- **The task**: Please repeat only the lines below starting at the line that holds "Card with floral" and ending at the line that holds "Set of 100 Universal Solid Icons vector", exactly, with both of those lines included and every picture omitted.

- **Provided information**:

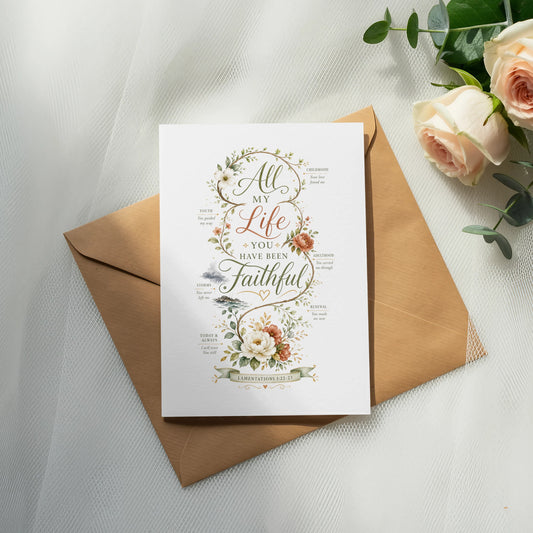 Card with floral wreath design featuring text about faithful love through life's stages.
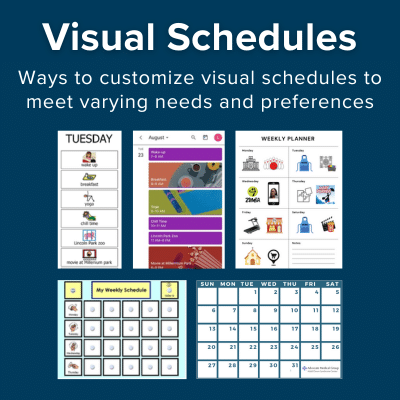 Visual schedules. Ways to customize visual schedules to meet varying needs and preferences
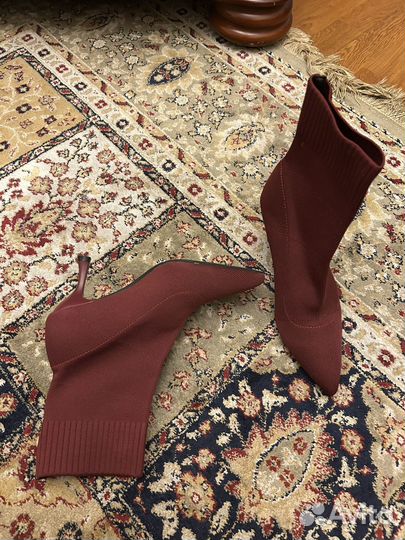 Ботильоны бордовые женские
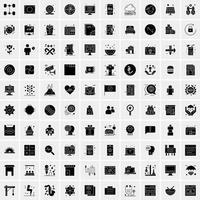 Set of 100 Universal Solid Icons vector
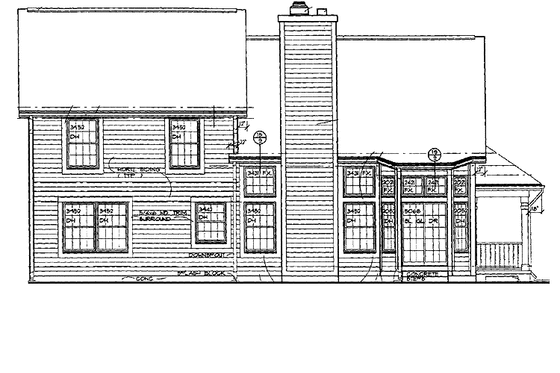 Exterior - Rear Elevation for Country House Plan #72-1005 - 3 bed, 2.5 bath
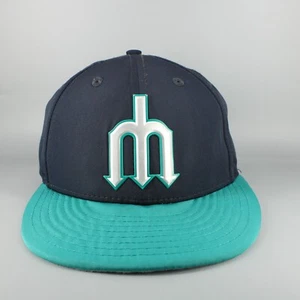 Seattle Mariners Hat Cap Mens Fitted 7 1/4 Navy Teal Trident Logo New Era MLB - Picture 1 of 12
* * *
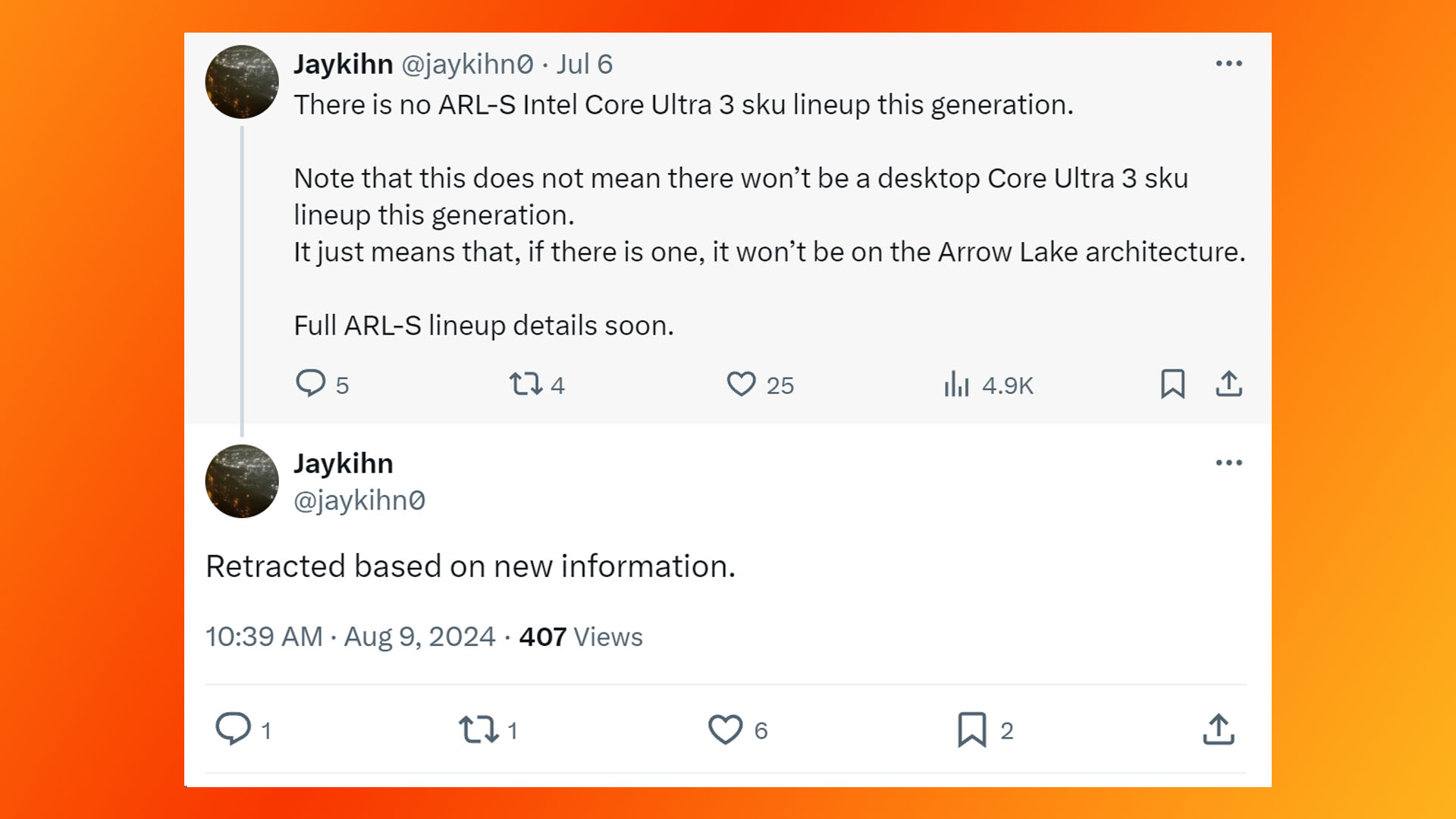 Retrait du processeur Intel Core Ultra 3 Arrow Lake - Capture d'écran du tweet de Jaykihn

- **Final answer**:
 Card with floral wreath design featuring text about faithful love through life's stages.
 Visual schedules. Ways to customize visual schedules to meet varying needs and preferences
 Ботильоны бордовые женские
 Set of 100 Universal Solid Icons vector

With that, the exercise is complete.